Encouraging Increase in Retail Sales with Urban Trees
Over the years, research institutes around the world have studied the importance of having trees in shopping areas, proving that the presence of healthy mature trees positively influences shopping behavior. One study done by the University of Washington examined the connection between trees and people’s response to shopping locations.

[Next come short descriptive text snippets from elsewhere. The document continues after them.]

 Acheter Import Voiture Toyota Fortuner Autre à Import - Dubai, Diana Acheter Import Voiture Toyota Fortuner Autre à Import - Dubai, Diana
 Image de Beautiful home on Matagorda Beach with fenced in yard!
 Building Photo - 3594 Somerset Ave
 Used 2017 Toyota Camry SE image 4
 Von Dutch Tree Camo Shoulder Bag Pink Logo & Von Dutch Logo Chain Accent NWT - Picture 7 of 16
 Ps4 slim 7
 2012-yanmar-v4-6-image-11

The research found that shoppers respond positively to retail areas with trees, demonstrating that healthy trees planted for long-term success is an important investment for retail communities.
With today’s online shopping environment, people do not go to retail areas and shopping centers simply to purchase goods – that can be done faster, and often cheaper, online. Rather, shoppers that visit retailers are more interested in the experience. The appearance of a retail area is an important part of creating the welcoming and interesting shopping experience that people are expecting. The most positive consumer responses occur when mature, well-managed trees are present, according to research. And the good news is that, when using engineered urban tree planting systems, valuable hardscape surface does not have to be lost to accomplish this.
In 2007, the Bradford Metropolitan District Council began work on the redevelopment of the pedestrian areas in the city’s central shopping area – Darley Street. A new design incorporating quality infrastructure and trees was planned to encourage people into the heart of the city. The aim was to create a high quality area that would attract pedestrians. The features specified as part of the design included lighting, seating, bins, bollards, cycle racks, and engineered tree pits to ensure the health and longevity of the trees.
Due to the high pedestrian traffic of this area, the maximization of hardscape surface was of paramount importance. GreenBlue Urban’s Pavement Support System was used to provide the needed soil volume for trees while ensuring that hardscape surface was maximized. And because the designer’s choice of paving was a central part of the theme, the GreenBlue Urban Castle PavingStone Tree Grate was used as the ideal method for continuing the paved surface as close to the tree as possible.
There are many benefits trees offer to contribute towards improving the environment of shopping areas, but the main reasons determined from research are:
Aesthetics: Quite simply, visual preference ratings were higher for shopping areas with trees and much lower when trees were not present. This was particularly the case when large mature trees provide canopy cover over the pavement and/or street.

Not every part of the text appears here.